But all those hard northern eyes on him. It’s not the simple hatred people have for an invading conqueror. No, this is different. Had Asha taken Winterfell, they would understand. What were the people of Winterfell to her? Who were the Starks to her but people who humiliated her father and killed her brothers?
But Theon? Had he not walked these streets, these halls? Did he not know all of them by name?
Theon, demanding to be seen as a Greyjoy, spurning the name of Stark, makes a choice that can’t be undone. With the help of Ramsay Bolton—then claiming to be Reek, Ramsay’s servant—he murders two children and leads all of the North to believe that they are Bran and Rickon of house Stark.
And the hatred for him settles deeper. He wakes screaming from the horror of what he’s done.
When Asha arrives to fortify Winterfell and help him hold it, he meets a new disappointment.
Asha isn’t there to hold Winterfell. She’s there to take him home. Not only is his bold capture of Winterfell not to be celebrated by his sister or father, it is seen as the highest folly. Asha tells him that armies already descend upon Winterfell and there’s no way for him to hold it. She tells him to burn it and come away with her.
Infuriated, Theon refuses.
Theon, again, is not seen as the person he wishes to be. No one is there to celebrate his actions or even encourage him. Instead, he’s castigated for his stupidity and for disobeying orders.
The only one who ever encouraged him were the people of Winterfell and even the Starks. And he can never go back. Not now. Not after all this. And so he makes his final stand to hold Winterfell, even if it kills him.
Reek offers him another plan. He knows people in the north and can rally people to help Theon. To Theon, this is a shot in the dark. He has no hopes of success and he doesn’t especially trust Reek, but it’s this or his own death.

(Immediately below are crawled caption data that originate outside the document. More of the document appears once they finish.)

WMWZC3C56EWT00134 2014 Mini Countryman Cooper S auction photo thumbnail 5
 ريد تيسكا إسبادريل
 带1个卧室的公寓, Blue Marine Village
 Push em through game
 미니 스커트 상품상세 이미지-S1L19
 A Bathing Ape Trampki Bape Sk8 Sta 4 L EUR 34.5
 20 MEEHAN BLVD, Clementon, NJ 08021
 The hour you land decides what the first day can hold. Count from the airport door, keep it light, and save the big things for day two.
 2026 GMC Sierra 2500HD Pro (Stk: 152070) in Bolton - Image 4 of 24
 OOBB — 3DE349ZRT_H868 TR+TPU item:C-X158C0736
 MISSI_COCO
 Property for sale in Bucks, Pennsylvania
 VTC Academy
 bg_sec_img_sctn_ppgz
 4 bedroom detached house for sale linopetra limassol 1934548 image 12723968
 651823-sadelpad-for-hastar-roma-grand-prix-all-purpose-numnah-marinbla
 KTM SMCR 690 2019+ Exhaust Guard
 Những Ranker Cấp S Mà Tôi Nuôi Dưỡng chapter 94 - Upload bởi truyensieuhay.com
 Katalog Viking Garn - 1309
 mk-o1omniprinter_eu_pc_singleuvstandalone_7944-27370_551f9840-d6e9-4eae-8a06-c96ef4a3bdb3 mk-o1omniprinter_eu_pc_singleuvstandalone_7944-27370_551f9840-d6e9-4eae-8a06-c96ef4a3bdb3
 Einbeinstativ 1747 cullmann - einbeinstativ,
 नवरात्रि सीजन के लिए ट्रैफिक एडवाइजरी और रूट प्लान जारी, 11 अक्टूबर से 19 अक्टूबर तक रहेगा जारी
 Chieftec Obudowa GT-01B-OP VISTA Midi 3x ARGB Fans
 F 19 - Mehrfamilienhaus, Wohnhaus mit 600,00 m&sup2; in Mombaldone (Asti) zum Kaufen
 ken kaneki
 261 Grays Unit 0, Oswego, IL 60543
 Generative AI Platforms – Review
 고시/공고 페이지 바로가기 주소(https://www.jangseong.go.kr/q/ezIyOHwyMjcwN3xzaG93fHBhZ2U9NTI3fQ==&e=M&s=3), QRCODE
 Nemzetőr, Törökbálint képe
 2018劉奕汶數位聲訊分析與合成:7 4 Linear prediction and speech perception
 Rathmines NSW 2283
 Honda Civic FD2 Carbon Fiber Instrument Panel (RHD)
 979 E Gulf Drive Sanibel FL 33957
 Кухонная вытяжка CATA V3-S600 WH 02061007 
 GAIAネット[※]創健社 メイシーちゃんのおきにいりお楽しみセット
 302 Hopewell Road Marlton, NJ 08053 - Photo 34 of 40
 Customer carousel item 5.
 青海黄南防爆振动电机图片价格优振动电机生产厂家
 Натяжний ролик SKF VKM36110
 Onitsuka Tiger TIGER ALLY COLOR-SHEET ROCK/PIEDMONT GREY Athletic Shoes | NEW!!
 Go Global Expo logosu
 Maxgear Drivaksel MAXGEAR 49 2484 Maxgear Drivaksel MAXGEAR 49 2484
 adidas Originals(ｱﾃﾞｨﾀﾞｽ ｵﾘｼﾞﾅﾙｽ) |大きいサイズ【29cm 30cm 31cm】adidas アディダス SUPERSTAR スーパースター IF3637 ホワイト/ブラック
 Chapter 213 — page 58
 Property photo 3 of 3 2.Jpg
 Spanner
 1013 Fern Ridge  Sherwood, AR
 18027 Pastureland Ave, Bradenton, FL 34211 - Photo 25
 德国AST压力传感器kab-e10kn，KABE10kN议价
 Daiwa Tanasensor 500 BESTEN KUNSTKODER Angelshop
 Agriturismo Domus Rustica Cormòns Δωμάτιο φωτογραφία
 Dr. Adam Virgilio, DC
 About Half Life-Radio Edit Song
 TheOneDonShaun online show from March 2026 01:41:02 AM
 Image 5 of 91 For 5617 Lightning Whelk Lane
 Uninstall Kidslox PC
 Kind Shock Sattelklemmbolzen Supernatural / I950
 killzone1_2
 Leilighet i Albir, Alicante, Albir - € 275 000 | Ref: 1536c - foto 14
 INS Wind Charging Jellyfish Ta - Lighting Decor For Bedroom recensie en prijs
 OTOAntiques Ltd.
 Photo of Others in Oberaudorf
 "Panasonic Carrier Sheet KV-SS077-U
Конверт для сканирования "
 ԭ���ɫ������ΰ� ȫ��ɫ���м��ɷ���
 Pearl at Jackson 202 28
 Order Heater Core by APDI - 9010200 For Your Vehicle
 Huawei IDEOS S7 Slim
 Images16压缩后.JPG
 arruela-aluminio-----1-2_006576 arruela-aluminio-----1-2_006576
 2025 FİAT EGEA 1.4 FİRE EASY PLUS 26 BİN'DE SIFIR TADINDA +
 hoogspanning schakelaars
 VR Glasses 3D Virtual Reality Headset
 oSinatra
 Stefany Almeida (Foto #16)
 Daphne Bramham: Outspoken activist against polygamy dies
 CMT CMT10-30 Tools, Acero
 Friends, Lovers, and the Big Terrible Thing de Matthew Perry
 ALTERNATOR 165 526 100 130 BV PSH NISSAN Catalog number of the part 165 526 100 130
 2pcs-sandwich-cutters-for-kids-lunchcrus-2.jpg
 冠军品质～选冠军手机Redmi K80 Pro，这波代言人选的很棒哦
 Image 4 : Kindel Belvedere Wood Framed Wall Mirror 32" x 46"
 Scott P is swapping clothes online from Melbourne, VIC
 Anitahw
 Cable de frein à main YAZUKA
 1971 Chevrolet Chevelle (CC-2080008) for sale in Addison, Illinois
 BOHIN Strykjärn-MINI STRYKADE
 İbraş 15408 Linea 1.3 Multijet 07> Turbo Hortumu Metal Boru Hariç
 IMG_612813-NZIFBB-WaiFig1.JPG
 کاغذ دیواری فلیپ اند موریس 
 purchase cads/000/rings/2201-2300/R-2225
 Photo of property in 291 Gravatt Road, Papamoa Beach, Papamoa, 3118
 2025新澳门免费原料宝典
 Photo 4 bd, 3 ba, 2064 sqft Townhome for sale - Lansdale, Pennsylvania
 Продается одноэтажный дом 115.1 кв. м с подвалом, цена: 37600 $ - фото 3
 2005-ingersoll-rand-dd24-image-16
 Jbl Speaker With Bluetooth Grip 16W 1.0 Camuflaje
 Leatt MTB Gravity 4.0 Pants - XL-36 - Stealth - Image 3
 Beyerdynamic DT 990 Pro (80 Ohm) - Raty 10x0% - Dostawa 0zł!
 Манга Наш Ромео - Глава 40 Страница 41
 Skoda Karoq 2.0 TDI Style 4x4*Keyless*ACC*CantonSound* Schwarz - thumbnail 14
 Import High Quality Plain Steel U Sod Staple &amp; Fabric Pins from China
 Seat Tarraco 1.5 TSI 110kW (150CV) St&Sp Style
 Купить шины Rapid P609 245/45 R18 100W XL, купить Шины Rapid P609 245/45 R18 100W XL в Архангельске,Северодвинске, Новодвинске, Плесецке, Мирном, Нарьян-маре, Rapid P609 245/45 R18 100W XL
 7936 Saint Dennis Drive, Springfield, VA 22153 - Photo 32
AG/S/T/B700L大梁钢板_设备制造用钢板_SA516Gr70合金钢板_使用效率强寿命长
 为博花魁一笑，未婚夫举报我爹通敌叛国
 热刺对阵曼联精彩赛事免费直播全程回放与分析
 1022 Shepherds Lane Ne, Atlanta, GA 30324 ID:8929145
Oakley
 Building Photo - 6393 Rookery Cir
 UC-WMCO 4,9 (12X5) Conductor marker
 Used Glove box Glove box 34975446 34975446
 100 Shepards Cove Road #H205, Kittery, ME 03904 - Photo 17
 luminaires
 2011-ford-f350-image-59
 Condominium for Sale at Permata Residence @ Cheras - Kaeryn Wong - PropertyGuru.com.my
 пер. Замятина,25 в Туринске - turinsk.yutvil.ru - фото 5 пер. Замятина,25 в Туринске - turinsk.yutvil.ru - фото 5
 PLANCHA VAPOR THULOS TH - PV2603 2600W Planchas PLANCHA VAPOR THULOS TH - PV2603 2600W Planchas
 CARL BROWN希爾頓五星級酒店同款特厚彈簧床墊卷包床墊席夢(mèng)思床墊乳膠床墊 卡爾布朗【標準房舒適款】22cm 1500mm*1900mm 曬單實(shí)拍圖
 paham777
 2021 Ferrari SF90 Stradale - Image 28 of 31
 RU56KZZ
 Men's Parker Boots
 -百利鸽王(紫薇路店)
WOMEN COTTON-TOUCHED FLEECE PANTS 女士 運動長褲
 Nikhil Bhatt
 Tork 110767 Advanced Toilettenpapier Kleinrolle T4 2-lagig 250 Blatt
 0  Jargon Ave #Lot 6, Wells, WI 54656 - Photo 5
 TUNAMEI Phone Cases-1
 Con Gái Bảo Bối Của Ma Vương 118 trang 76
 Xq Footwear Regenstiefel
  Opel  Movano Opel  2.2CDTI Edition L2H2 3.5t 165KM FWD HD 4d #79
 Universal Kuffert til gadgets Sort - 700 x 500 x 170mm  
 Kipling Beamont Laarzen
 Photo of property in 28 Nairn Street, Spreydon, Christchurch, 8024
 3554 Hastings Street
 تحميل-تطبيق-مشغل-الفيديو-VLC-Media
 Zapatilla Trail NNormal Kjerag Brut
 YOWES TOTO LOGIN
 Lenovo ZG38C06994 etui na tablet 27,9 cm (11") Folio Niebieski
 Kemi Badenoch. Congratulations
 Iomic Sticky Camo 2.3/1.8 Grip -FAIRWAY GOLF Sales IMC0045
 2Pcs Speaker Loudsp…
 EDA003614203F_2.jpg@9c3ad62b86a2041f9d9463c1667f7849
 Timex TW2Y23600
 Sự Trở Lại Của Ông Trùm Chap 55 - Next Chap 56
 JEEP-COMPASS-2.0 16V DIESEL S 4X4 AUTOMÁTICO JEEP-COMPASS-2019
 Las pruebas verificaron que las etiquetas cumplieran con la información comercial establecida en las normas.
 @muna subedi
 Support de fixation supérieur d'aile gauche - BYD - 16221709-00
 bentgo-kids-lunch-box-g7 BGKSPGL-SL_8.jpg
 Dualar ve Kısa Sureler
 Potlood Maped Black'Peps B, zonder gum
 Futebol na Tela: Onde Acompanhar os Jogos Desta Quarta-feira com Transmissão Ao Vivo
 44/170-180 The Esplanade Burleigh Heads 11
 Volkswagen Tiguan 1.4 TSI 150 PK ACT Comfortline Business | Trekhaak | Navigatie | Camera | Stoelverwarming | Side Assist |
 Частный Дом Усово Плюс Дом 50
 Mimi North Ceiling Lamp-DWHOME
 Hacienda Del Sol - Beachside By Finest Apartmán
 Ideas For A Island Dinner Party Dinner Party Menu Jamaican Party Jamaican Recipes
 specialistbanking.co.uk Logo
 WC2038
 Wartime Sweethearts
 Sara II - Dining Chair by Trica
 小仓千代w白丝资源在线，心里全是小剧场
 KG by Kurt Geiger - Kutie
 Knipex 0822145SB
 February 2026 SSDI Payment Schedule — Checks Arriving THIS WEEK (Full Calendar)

When Reek returns and saves Theon by killing the northern armies surrounding Winterfell, Theon believes he’s vindicated. He made bold choice after bold choice, and now he is the ruler of Winterfell.
Of course, Theon is, once more, hopelessly wrong. Reek reveals himself as Ramsay Bolton. He kills Theon’s men and burns Winterfell and the fate of Theon is unknown.
This single storyline could be its own standalone epic fantasy series, really. Instead, it’s only a single thread in this tapestry. Not even a major thread, mind! Theon began the novel as a somewhat tertiary node of power. He ends the novel with his fate unknown but stripped of anything resembling power or narrative agency.
But this is the whole of this novel. Each storyline is full of plans smashing into other plans. Plotting and dealing and compromising and backstabbing to get your way. Because it’s not just Theon who has a plan that gets turned upside down before he buckles and collapses under the weight of his own choices.
It’s Tyrion and Jon. It’s Bran and Catlyn. It’s Sansa and Arya. At different points, they all believe they understand what’s at stake and what must be done. But, in different ways and to differing degrees, their plans are ripped to pieces and they must now make choices they likely thought unimaginable until circumstances pressed them tightly into a corner they never expected to see.
I could go on and on about this novel. It’s not my favorite of the series. It’s not really the one people tend to remember most strongly. But I do believe this is the novel that really laid down the definition of what modern fantasy literature would now be.
A Game of Thrones was bold and subversive, but A Clash of Kings is so knotty and slippery and full of so many surprises, large and small, that it kicked off thousands of imitators.
So what is there to say about A Clash of Kings?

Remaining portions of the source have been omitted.